Selon leur vocation, certaines associations accueillent volontiers les hommes lors de certains événements qui s’y prêtent. Cela reste toutefois encore marginal, par peur de trahir certaines valeurs ou d’apporter de la confusion dans les actions et messages, ou au sein des membres. La question de l’ouverture aux hommes n’est pas traitée comme une aberration ou un non-sens, au contraire. Cependant cela reste une question épineuse, traitée au cas par cas.

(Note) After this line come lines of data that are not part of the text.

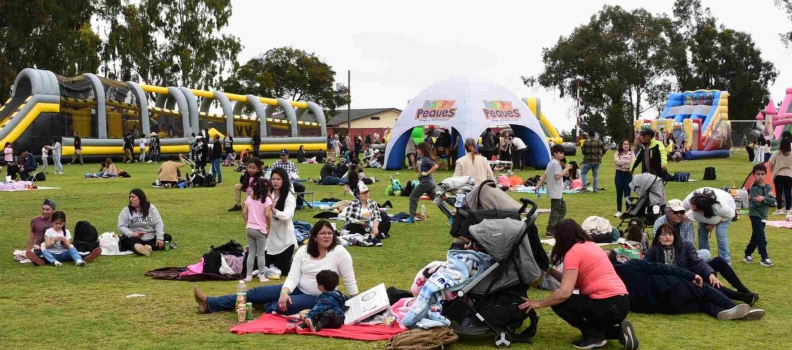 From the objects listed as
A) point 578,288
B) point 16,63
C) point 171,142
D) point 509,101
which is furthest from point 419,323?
point 16,63

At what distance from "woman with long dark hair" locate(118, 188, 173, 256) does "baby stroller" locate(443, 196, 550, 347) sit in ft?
20.6

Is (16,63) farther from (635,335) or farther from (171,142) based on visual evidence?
(635,335)

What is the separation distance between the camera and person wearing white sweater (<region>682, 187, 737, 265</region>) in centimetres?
1035

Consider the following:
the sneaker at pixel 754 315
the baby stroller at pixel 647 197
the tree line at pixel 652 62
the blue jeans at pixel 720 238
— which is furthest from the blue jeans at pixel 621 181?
the tree line at pixel 652 62

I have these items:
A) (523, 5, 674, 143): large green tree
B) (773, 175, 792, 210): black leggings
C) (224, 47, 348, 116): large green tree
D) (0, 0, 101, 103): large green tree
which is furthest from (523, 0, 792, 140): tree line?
(773, 175, 792, 210): black leggings

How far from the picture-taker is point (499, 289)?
24.1 ft

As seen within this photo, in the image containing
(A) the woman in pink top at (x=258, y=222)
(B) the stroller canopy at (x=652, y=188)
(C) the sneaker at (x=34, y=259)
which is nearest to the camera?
(A) the woman in pink top at (x=258, y=222)

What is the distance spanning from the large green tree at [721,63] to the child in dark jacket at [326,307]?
214 feet

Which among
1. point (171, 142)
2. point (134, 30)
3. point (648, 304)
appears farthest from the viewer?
point (134, 30)

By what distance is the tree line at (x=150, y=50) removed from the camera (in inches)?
1993

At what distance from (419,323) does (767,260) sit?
6.08 meters

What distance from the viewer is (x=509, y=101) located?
110ft

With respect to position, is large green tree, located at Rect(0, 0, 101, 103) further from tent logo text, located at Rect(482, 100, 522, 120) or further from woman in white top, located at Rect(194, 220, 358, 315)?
woman in white top, located at Rect(194, 220, 358, 315)

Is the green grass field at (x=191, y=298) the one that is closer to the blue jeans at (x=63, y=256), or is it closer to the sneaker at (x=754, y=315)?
the sneaker at (x=754, y=315) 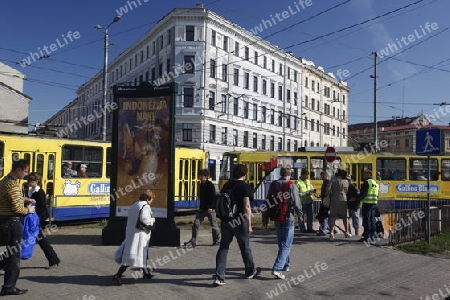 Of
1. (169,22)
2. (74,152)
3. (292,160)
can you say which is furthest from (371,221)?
(169,22)

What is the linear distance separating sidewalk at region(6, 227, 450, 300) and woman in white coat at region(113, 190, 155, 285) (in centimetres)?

Catherine Bonneville-Morawski dit ainsi organiser les grands projets du Club Comelles avec des hommes et envisage la mixité pour de prochains rendez-vous. Mais le club souhaite « rester un club féminin afin de rester cohérent avec (sa) vocation de garantir une parole libre et non « prise » par les hommes ».

Du côté de Pink Innov’, Hélène Campourcy explique : « aujourd’hui, l’ADN est très fort, la facilité à s’exprimer et faire confiance est profondément ancrée. Je ne sais pas si l’ouverture à des hommes ne perturberait pas cet équilibre et ne renfermerait pas certaines femmes sur elles-mêmes, leur enlevant le lieu d’expression sans jugement et ce lâcher prise que leur apporte Pink innov’ ». Julie Hebting estime aussi qu’ouvrir Social Builder aux hommes n’est pas d’actualité, par souci de préservation de la vocation initiale de l’action.

Pour PWN, la question est difficile : cette discussion de l’ouverture aux hommes existe dans le réseau depuis plus de 5 ans, mais aucune décision n’est encore arrêtée selon Martine Van Went, qui a occupé la présidence de PWN Paris.

Toutefois, même si l’ouverture aux hommes est effective dans certaines associations, de façon récurrente ou plus exceptionnelle selon les cas, force  est de constater que leur participation reste encore marginale ; peu nombreux sont ceux qui se mobilisent sur des événements. C’est ce que constate notamment Violaine Colombier du groupe Femme & Société.

Sur le sentiment de ghettoïsation

Sans surprise, la question de la ghettoïsation des femmes divise. A la question « Ressentez-vous une forme de ghettoïsation des femmes dans la vie professionnelle? Vous sentez-vous traitée différemment du fait d’être une femme? », une moitié estime que oui et l’autre non.

Ces femmes parlent des difficultés rencontrées sur leur parcours et qui ont motivé leur engagement. Le terme de ghettoïsation est cependant jugé un peu fort.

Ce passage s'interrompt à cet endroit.